3. Switching to self-attention, which derives keys, queries, and values from the encoder's hidden states, could further influence these states. This method might make the encoder generate states that capture interactions within the source sequence, and the decoder would then use these to create more nuanced target tokens. Such a change could enhance both the source sequence's representation and understanding of dependencies in the target sequence.

### Unsupervised learning

1. As we have seen, a variational autoencoder's loss is comprised of a reconstruction term and  a KL-divergence term. While training your VAE, you accidentally forgot to include the KL-divergence term.
What would be the qualitative effect of this on:

  1. Images reconstructed by the model during training ($x\to z \to x'$)?
  1. Images generated by the model ($z \to x'$)?

**Answer 1:**

2. Reconstructed Images During Training ($x\to z \to x'$):
Missing the KL-divergence term from VAE's loss function essentially turns your model into a plain autoencoder, making the reconstruction loss its primary focus. Thus, the reconstructed images during the training process could still be of reasonable quality. This is due to the model's continuous effort to minimize the reconstruction error and learn a potentially intricate pathway from input to the latent space and back. However, the model's latent space might not be as well-structured as it would be with the KL-divergence term, and the model might not be able to generate new images.

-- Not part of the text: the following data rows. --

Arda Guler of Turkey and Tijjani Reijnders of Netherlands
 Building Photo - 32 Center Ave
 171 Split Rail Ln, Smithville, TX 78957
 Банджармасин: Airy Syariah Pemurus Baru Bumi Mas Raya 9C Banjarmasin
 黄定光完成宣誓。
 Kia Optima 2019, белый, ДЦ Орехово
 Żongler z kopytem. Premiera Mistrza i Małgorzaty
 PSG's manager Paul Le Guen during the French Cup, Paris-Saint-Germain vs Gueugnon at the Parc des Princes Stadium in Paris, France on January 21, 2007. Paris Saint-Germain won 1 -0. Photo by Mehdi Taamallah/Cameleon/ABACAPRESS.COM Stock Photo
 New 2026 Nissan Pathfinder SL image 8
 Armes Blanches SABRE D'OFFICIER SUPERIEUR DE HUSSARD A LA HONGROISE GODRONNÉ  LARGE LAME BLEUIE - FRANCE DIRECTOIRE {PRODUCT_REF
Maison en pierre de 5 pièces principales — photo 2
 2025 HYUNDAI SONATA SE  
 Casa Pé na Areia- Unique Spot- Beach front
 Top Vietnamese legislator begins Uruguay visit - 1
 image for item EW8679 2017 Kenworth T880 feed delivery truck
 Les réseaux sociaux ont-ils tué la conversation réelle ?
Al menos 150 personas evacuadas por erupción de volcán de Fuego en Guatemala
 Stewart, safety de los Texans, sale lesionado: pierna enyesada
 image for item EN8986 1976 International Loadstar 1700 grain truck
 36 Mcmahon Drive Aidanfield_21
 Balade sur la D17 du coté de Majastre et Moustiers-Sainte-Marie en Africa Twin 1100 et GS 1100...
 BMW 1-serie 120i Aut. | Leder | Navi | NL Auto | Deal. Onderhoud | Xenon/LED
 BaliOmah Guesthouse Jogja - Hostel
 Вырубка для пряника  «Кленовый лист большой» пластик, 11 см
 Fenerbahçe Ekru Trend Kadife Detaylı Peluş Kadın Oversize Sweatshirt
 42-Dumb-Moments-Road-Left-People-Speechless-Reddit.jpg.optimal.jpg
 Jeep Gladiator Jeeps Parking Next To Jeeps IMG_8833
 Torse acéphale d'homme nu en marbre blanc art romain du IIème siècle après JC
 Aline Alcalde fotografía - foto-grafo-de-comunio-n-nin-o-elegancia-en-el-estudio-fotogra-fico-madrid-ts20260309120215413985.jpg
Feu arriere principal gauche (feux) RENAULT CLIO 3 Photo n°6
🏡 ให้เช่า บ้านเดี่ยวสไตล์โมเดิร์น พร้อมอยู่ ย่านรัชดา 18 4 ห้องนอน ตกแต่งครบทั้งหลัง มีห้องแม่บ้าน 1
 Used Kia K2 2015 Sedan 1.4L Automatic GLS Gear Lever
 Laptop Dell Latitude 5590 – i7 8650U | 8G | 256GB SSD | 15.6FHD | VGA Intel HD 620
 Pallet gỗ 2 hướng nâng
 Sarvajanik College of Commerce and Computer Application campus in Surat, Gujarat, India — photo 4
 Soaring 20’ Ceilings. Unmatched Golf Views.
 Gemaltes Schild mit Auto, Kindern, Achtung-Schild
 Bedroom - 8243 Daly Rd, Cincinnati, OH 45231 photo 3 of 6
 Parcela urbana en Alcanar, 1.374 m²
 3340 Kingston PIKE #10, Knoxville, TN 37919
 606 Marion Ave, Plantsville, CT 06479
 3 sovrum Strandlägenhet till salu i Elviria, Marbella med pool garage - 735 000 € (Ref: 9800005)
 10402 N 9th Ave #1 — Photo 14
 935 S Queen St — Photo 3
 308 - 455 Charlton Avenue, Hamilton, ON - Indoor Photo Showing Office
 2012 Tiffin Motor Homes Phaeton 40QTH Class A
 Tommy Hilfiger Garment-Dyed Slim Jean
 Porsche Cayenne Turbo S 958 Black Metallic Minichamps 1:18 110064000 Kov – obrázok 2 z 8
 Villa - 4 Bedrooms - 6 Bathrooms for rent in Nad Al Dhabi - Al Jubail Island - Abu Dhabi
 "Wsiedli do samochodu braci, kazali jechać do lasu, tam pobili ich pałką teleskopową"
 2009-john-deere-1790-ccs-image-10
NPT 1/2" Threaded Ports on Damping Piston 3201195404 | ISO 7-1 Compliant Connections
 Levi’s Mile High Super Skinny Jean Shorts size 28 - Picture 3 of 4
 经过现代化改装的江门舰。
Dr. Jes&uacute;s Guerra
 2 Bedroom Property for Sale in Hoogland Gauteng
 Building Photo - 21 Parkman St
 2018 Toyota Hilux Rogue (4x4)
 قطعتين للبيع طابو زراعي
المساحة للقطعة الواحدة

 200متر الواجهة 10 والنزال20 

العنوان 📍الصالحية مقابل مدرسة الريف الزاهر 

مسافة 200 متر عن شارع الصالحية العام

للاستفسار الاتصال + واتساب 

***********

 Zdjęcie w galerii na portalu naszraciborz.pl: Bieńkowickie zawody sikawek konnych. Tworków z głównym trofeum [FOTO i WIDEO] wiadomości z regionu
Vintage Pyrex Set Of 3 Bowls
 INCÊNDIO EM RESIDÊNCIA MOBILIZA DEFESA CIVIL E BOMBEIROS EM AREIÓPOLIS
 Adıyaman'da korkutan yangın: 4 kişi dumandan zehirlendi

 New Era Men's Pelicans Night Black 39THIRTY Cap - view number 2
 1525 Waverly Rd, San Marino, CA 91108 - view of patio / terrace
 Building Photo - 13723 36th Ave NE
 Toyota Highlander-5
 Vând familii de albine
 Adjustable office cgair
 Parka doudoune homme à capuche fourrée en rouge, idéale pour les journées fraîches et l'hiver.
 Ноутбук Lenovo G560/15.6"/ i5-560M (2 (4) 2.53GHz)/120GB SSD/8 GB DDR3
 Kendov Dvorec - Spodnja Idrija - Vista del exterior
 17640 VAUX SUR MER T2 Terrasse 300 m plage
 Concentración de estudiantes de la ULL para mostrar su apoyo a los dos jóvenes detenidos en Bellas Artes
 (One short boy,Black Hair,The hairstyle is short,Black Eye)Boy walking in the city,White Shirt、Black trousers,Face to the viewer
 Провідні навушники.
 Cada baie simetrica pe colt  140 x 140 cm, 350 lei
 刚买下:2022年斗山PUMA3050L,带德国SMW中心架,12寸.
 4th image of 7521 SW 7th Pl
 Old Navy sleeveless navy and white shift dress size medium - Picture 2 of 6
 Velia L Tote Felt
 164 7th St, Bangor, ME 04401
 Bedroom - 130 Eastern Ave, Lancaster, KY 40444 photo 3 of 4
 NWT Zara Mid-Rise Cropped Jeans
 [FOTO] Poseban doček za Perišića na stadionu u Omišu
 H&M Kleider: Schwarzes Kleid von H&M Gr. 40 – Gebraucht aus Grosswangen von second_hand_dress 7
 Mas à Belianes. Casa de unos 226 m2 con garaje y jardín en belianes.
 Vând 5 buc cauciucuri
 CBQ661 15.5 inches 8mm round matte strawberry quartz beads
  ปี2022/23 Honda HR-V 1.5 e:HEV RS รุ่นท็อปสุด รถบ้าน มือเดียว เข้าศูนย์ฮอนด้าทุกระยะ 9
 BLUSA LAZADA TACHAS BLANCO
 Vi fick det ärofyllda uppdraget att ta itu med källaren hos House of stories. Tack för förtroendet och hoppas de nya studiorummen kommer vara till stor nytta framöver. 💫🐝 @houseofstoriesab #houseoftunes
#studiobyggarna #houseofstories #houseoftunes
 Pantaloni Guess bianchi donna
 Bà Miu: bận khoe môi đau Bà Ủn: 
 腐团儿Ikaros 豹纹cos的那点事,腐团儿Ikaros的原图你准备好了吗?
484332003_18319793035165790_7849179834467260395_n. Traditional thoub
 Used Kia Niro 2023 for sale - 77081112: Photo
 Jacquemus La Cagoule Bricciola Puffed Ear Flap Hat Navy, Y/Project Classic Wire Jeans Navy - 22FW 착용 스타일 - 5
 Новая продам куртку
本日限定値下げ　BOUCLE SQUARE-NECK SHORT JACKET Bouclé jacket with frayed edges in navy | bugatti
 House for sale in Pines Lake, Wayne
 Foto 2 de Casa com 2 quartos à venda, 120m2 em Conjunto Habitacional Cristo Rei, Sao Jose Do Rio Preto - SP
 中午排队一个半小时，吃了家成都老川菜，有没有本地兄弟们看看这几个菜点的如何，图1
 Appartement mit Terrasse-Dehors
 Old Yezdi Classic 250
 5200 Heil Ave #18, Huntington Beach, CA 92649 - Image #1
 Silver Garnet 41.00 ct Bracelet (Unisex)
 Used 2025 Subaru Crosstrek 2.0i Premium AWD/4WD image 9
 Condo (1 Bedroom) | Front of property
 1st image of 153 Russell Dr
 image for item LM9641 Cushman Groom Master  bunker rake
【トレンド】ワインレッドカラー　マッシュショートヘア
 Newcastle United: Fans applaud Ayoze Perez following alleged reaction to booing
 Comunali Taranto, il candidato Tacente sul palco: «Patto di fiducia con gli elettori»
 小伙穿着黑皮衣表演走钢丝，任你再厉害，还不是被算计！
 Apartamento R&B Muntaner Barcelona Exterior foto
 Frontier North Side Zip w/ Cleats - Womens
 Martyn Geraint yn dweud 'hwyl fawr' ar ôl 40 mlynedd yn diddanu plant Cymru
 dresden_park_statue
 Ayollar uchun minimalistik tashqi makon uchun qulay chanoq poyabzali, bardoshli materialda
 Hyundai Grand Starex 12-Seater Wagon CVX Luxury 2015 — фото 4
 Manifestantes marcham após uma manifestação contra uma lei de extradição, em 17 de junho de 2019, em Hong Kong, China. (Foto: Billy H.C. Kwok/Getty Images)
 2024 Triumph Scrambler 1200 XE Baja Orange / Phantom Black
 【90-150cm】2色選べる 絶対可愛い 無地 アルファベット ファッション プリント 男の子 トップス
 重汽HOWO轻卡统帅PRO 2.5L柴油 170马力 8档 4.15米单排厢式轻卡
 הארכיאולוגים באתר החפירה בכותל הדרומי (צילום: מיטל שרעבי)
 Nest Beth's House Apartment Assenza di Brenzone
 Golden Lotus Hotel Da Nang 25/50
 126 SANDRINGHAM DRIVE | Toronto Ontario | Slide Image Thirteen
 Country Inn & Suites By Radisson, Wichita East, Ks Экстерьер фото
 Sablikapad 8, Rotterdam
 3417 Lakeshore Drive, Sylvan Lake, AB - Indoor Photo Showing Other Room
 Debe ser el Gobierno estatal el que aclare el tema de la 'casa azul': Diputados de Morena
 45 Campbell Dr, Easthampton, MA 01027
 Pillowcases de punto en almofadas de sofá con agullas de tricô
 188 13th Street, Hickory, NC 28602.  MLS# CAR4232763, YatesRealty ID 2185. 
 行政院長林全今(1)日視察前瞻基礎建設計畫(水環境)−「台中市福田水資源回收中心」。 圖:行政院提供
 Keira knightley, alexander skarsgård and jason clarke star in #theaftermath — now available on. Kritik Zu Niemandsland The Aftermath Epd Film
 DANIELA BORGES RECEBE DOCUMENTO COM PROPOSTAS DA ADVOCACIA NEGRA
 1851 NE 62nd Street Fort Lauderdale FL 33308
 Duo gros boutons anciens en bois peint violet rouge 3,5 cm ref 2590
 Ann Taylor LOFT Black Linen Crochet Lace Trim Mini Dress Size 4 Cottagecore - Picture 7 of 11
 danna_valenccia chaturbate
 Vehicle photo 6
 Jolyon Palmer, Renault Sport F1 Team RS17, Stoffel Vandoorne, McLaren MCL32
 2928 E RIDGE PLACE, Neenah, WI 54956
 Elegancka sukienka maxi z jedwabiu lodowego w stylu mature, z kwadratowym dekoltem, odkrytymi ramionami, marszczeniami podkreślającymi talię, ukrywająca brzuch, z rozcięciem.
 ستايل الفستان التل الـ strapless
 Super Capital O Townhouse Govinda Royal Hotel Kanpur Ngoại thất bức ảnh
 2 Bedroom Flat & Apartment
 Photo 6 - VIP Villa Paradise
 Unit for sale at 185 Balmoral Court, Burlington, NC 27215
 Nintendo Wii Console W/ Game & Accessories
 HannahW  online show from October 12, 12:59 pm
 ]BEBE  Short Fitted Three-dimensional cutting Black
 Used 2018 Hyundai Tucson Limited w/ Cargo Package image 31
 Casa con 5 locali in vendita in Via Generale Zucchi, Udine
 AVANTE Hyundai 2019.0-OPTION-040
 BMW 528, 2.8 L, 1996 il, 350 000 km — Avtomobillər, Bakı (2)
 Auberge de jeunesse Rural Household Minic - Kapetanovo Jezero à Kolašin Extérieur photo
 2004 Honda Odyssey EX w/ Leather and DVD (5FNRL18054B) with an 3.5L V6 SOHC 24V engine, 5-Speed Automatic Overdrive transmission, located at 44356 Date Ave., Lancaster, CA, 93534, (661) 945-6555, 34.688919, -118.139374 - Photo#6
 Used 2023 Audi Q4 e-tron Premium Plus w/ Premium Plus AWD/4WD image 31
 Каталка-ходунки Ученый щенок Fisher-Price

3. Generated Images by the Model ($z \to x'$):
The KL-divergence component of the VAE loss guides the latent space to align with a standard Gaussian distribution - a crucial aspect for the generation of new images. Without this, the structure of the latent space might be unorganized and lack a discernible distribution. Consequently, when new latent vectors are sampled from a Gaussian distribution to generate novel images, the results might be nonsensical or unpredictable. This is because these sampled points may not align with meaningful encodings within the poorly structured latent space.

2. Regarding VAEs, state whether each of the following statements is **true or false**, and explain:
  1. The latent-space distribution generated by the model for a specific input image is $\mathcal{N}(\vec{0},\vec{I})$.
  2. If we feed the same image to the encoder multiple times, then decode each result, we'll get the same reconstruction.
  3. Since the real VAE loss term is intractable, what we actually minimize instead is it's upper bound, in the hope that the bound is tight.

**Answer:**

3. False. The model does not yield a $\mathcal{N}(\vec{0},\vec{I})$ distribution in the latent-space for any specific input image. It instead produces a $\mathcal{N}(\vec{\mu},\vec{\sigma})$ distribution, with the mean ($\vec{\mu}$) and standard deviation ($\vec{\sigma}$) vectors specifically tailored for that image.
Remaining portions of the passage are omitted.